The number of reports of child abuse to the Children's Authority (CA) has continued to increase exponentially since it first began operating in June 2015, with the body having now received more than 6,000 complaints. In August 2015 by contrast, just three months after they opened their doors, the CA had received just over 1,300 reports of child abuse, less than a quarter of the number of cases now.
The CA's deputy director of Care, Legal and Regulatory Services, Christalle Gemon, last week confirmed that although the number of reports continued to increase daily, they were committed to delivering the highest level of quality care and justice for all the victims and their families.
She spoke at a panel discussion hosted by the Single Fathers Association of T&T at the Eric Williams Medical Sciences Complex.
Her counterpart at CA, Legal Services manager Urmilla Seenath, spoke of the importance of a child knowing both parents.

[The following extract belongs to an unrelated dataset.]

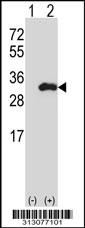 Western blot analysis of his-tag RERG (arrow) using his tag antibody. 293 cell lysates (2 ug/lane) either nontransfected (Lane 1) or transiently transfected with the RERG gene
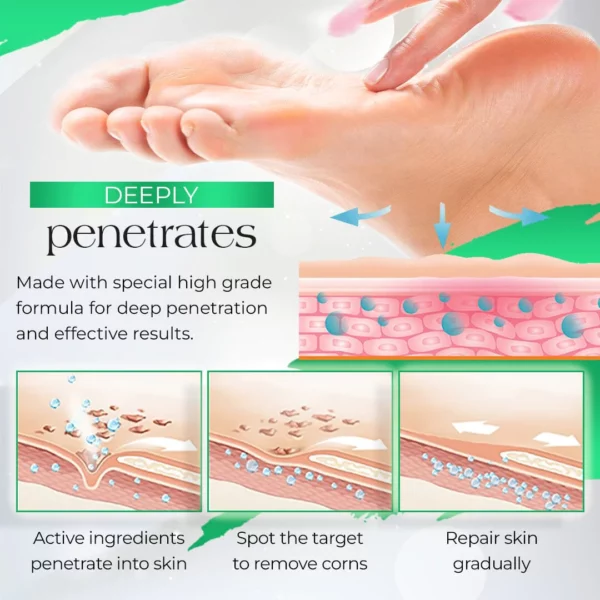 PodiaCorn™ Crema para eliminar los callos en los pies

She explained that in the event that a child had to be removed from the family home while an investigation is being done, they would naturally seek the secondary parent in order to place the child with family.
If the secondary parent could not be located, the child would often-times be placed in a foster facility.

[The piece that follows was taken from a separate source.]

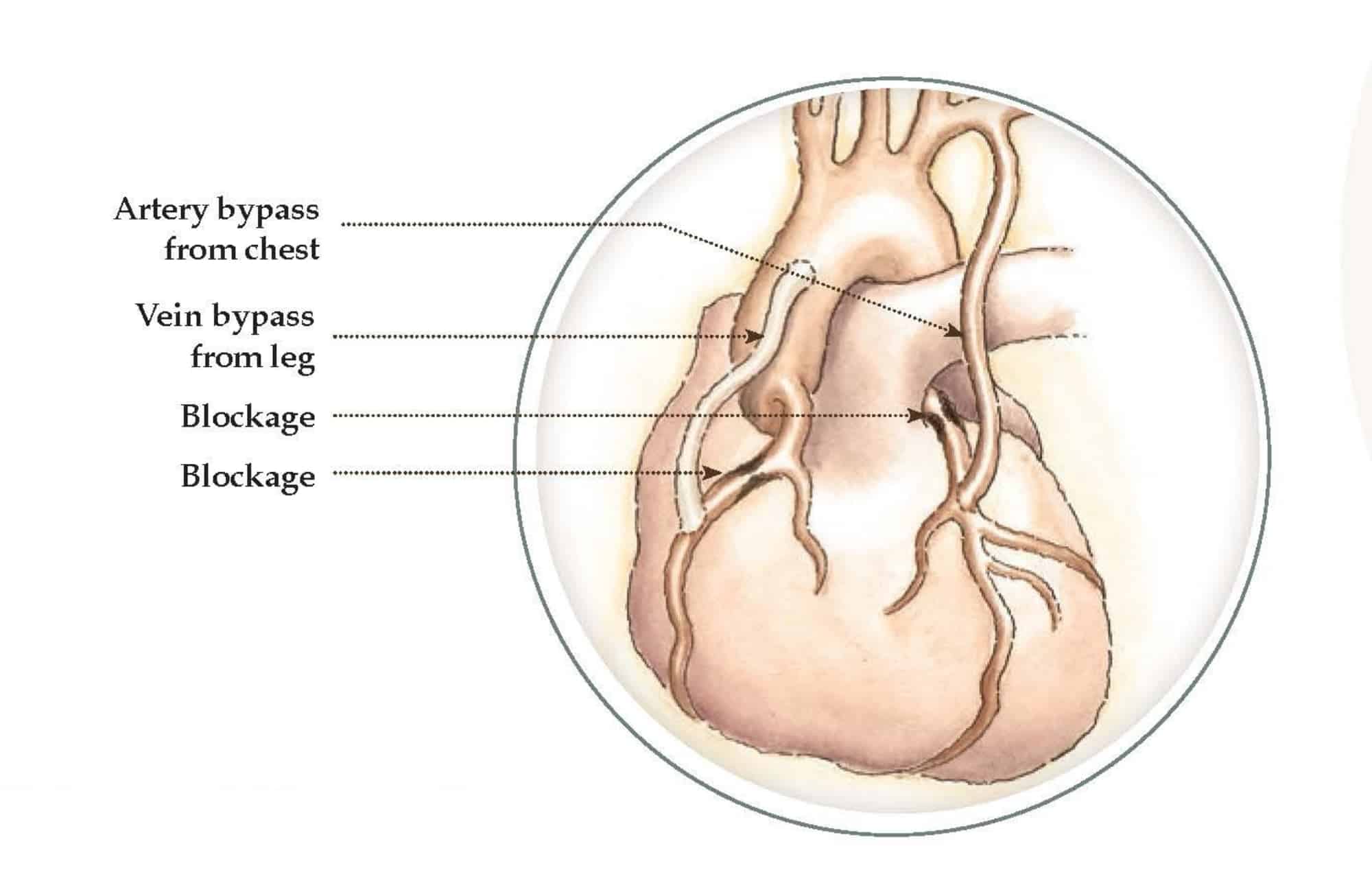 Heart Bypass Surgery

The fathers' group expressed concern about what they said were false accusations of abuse directed towards fathers.
After hearing from a father who is currently involved in a custody battle with his ex-wife over their young son–and who had been accused of sexually abusing his son–Gemon said this was a not a new or unknown development.

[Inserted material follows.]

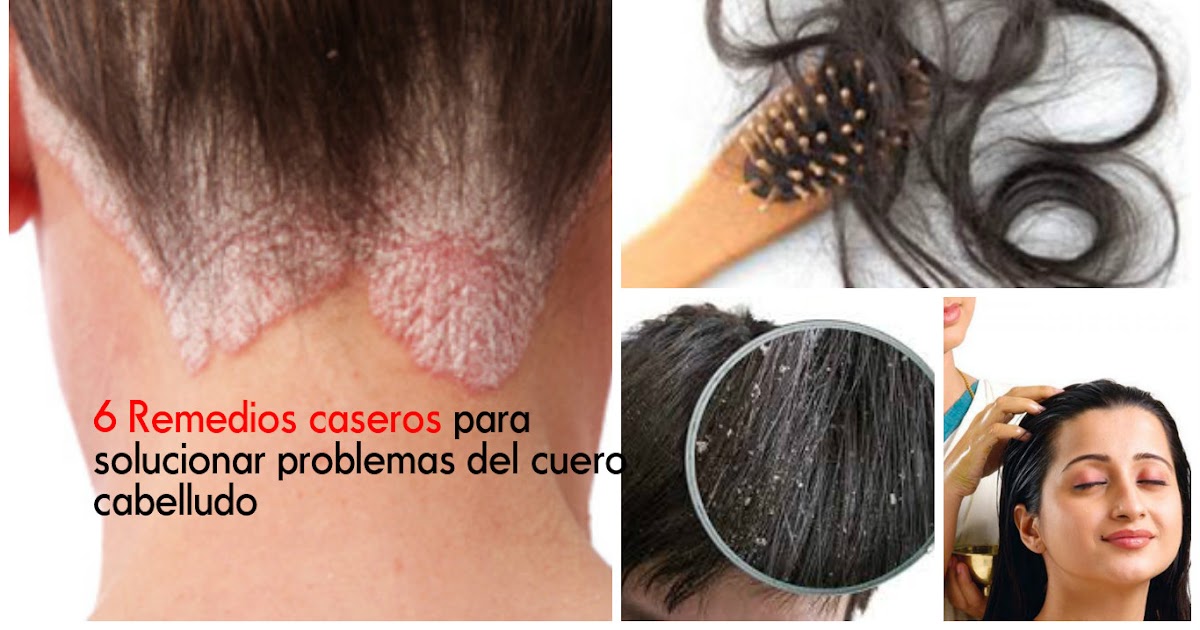 Soluciona problemas de tu cuero cabello con estos 6 remedios naturales Soluciona problemas de tu cuero cabello con estos 6 remedios naturales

"We experienced a flood of this when we opened," she admitted, adding that mothers would normally accuse fathers in order to "score" points before the judge when they appeared in the custody hearing.
Clinical child psychologist Dr Karen Moore was equally critical of this behaviour as she said, "There is absolutely no excuse for that," regarding the false accusations and lies which she claimed were "inexcusable and highly destructive to the child in the situation."
On the issue of "wounded men" who may need counselling in the face of such false and destructive accusations, both Moore and Dr Robert Moultrie, who specialises in the field of internal medicine, agreed that those men also needed to access treatment in order to move forward.
Make the laws equal
Paternity and access also surfaced as key concerns of the fathers' group. A social worker and single father, underscoring the fact that mothers hold the advantage legally, said, "Mother's baby, father's maybe."
President of the Single Fathers Association of T&T (SFATT) Rhondall Feeles said they don't have much judicial or legislative protection.
Wiping tears from his eyes, one father told the panel of his early struggles and the financial costs he willingly undertook in order to see his daughter who had been taken to the US when she was born.
Referring to the custody arrangement as "time sharing," the father also called for a balance in society as he said it was unfair that they were being asked to pay maintenance and not allowed to see the child except for a few hours on the weekend.